The rookie reliever is one of the Angels’ hardest throwers and, through the first 30 games of his big-league career, he has become a favorite late-inning option for manager Mike Scioscia.
His continued development, however, is a matter of economics, the Angels wanting Anderson to be more efficient and limit his high pitch counts.
“It comes down to commanding the baseball,” Scioscia said. “It comes down to repeating your delivery. It’s not just throwing the ball down the middle.”
The right-hander averages 19.91 pitches per inning, the highest average on the Angels staff among those who have appeared in more than five games.
He has thrown at least 20 pitches in 16 appearances, although eight have lasted more than one inning.
“I want to make sure I’m pounding the strike zone a little bit more,” Anderson said, “instead of going out there and just sort of throwing the ball around in circles.”
He had his most efficient inning of the season June 27 at Boston, when he retired the Red Sox in order on eight pitches in the sixth inning, facing Mookie Betts, Andrew Benintendi and J.D. Martinez.
“I’m still learning a bunch of things every day,” Anderson said. “I think maybe in the transition to the big leagues you sometimes try to overdo things a little.”
Strong up the middle
No team in baseball has permitted fewer stolen bases than the Angels and only the Miami Marlins have thrown out a higher percentage of would-be base stealers.
They’ve made fewer errors than all but one other American League team and they lead the league in double plays.
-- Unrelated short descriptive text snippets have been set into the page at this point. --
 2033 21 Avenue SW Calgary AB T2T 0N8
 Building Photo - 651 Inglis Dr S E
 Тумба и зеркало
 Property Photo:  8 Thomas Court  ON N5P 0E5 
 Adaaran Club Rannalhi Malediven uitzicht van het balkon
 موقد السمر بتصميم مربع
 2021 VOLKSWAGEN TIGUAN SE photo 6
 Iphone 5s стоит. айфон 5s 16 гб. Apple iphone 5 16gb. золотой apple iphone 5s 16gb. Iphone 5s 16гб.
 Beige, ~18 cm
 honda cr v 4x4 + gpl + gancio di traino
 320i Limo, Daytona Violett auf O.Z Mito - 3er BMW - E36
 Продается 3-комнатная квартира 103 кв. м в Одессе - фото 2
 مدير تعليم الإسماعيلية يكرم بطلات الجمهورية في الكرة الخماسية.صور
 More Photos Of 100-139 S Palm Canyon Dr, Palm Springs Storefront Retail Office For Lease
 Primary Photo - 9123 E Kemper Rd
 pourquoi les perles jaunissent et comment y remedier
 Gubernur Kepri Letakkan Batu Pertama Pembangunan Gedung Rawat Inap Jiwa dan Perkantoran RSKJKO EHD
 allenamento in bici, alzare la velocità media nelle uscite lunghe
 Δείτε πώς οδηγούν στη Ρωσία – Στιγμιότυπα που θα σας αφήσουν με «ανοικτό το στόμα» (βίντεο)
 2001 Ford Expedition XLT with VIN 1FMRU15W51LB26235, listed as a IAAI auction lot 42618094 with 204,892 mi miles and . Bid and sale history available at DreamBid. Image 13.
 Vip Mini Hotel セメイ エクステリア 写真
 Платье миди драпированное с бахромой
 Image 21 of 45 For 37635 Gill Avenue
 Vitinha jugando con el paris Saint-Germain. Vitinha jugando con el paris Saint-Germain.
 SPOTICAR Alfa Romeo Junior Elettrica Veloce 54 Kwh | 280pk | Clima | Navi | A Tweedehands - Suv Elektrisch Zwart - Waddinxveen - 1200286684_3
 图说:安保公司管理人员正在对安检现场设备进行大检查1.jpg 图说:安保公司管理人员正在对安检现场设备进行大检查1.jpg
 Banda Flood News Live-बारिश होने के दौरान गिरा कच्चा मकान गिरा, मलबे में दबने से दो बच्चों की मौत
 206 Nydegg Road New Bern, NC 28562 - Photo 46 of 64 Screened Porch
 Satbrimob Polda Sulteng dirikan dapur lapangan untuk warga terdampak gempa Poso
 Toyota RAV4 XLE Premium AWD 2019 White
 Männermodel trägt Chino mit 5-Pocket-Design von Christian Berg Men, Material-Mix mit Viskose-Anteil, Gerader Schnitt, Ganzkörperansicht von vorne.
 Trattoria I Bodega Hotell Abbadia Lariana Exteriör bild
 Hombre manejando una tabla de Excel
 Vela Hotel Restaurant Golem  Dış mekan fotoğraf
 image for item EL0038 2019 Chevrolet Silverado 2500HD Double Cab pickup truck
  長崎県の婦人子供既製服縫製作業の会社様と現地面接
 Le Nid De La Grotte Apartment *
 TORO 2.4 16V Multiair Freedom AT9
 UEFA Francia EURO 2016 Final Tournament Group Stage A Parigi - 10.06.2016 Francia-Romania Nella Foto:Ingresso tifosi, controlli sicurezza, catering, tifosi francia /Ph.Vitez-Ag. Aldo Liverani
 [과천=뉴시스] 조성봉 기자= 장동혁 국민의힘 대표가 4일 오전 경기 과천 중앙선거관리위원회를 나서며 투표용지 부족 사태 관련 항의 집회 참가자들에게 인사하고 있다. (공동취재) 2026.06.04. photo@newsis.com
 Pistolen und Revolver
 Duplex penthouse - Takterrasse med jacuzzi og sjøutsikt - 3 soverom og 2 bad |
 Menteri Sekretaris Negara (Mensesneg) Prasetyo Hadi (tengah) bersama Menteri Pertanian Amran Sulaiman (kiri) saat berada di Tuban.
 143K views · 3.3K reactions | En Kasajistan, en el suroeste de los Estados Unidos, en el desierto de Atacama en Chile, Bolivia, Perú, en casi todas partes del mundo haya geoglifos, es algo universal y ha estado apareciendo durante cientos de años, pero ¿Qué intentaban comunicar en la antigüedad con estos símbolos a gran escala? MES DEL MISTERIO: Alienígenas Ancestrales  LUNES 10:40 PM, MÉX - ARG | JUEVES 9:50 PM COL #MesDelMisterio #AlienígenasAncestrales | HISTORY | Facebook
“We’re not leading the league in double plays as a fluke,” Scioscia said. “We’ve been turning double plays at an incredible rate.”
The San Francisco Giants began Thursday with 94 double plays and the Angels were next with 91.
“You have to look at the guys in the middle,” Scioscia said. “You look at Andrelton [Simmons]. You look at Ian [Kinsler]. These guys are as good as there is at their positions.”